El anciano mira al hombre que tiene al lado con sonrisa socarrona mientras le golpea con el codo. Un gesto cómplice. Se conocen, y por eso se entienden a la primera. Tiene coullies la cosa. Vamos, cojones, le dice sin levantar la vista del espectáculo que ambos presencian. Mon dieu, responde el otro. La misma ácida sonrisa. Menean la cabeza, impertérritos, como si no se creyeran lo que están viendo, pero es cierto.
―Al final ese estrafalario se ha salido con la suya…
El tono irónico del anciano despierta la sonrisa en los que los rodean, que son unos cuantos. Más ancianos, gastadores de tiempo, desocupados y los que pasaban por el lugar contemplan curiosos la escena: un buen número de hombres se afana en la apertura de un inmenso socavón en el Campo de Marte, un vasto parque situado en el séptimo distrito de París, y uno de cuyos extremos lame las aguas del Sena. Pican y pican el suelo, sacan tierra, excavan las entrañas del predio con rapidez en los puntos donde se levantarán los pilares del monumento que se emplazará en dicho lugar. Unos siete metros de profundidad, que es lo que se ha previsto inicialmente.

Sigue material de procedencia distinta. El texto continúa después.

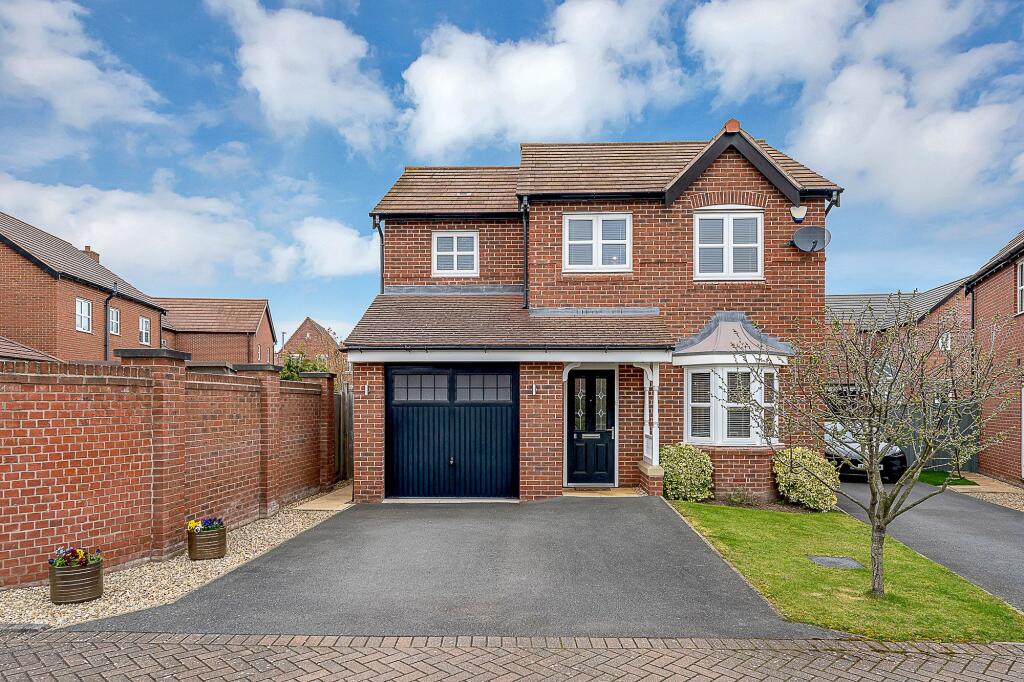 3-bed detached on Cornflower Road, Loughborough, LE11, £395,000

―Menos mal que cuando todo termine lo echarán a bajo de nuevo. ¡Condenado adefesio! ―responde al anciano su compañero de diálogo y de visión de los acontecimientos.

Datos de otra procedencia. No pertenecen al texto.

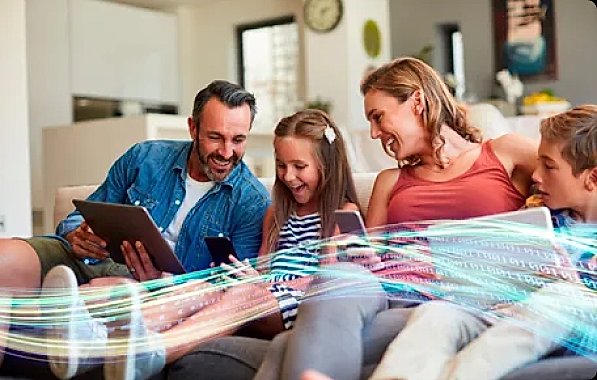 Cliente utilizando serviço de internet da Claro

El estrafalario individuo al que se refirió el primero es Gustave Eiffel; el condenado adefesio que mentó el segundo es la suerte de torre metálica que ha ideado el mencionado ingeniero a partir de los planos de los arquitectos Maurice Koechlin y Émile Nouguier. La van a levantar en ese lugar, en un extremo de lo que en tiempos pretéritos fue un campo de hortalizas y después un campo de maniobras militares. La idea es que se convierta en la atracción de los visitantes que acudirán a la próxima Exposición Universal de París, que tendrá lugar dentro de dos años. Trescientos metros de torre metálica apoyada en cuatro inmensos arcos y que adelgaza en volumen conforme asciende al cielo. Y sí, en París; en pleno Campo de Marte.
―Absurdo, completamente absurdo ―se lamenta el primer anciano.

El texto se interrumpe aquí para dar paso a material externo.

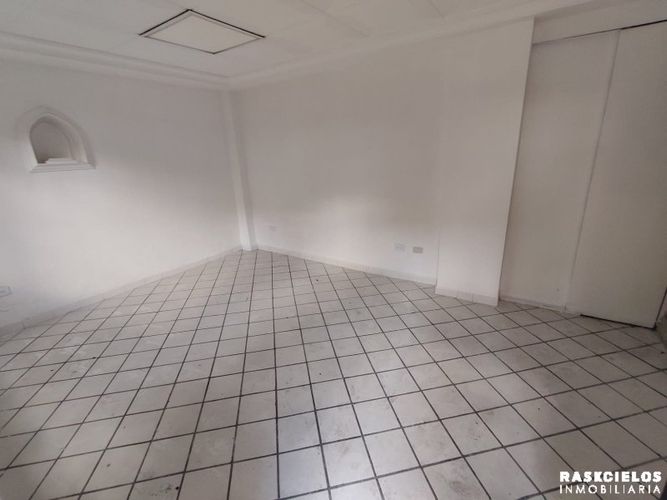 Local en arriendo en Conquistadores, Medellín, 15 m² · foto 8 de 13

―¡Seremos el hazmerreír de todos los que vengan a ver esa exposición! ―apunta el segundo―. Ya ve usted, la Francia, ¡en boca de todos!
―¡Qué cosas! ―maldice el primero chasqueando la lengua.
―¡Mon dieu! ―replica el otro meneando la cabeza.
Durante los siguientes cinco meses, los obreros excavarán unos cimientos sobre los que se asentarán cuatro pilares que ascenderán hasta una altura de cincuenta y siete metros, el tope del primer piso; el segundo se encontrará a ciento quince metros. Y así, metro a metro, primero diez al mes, después treinta conforme se alcanzaba la altura definitiva, hasta los trescientos totales. Y un total de siete mil trescientas toneladas de hierro repartidas en dieciocho mil treinta y ocho piezas de cinco metros de longitud unidas por dos millones y medio de remaches.
―¡Mon dieu! ―vuelve a mascullar el primer anciano. Los obreros, mientras, a lo suyo.
Tal día como hoy hace ciento veintinueve años se inició la construcción de la Torre Eiffel, que sería inaugurada el treinta y uno de marzo de 1889. Sobrevivirá a la caída del interés por contemplar el monumento, a dos guerras mundiales y a un incendio, hasta que en la década de los sesenta del pasado siglo se convirtió en el icono de París.
Hoy nadie se lo imagina sin ella. Ni los ancianos, tampoco, de haber vivido para verlo.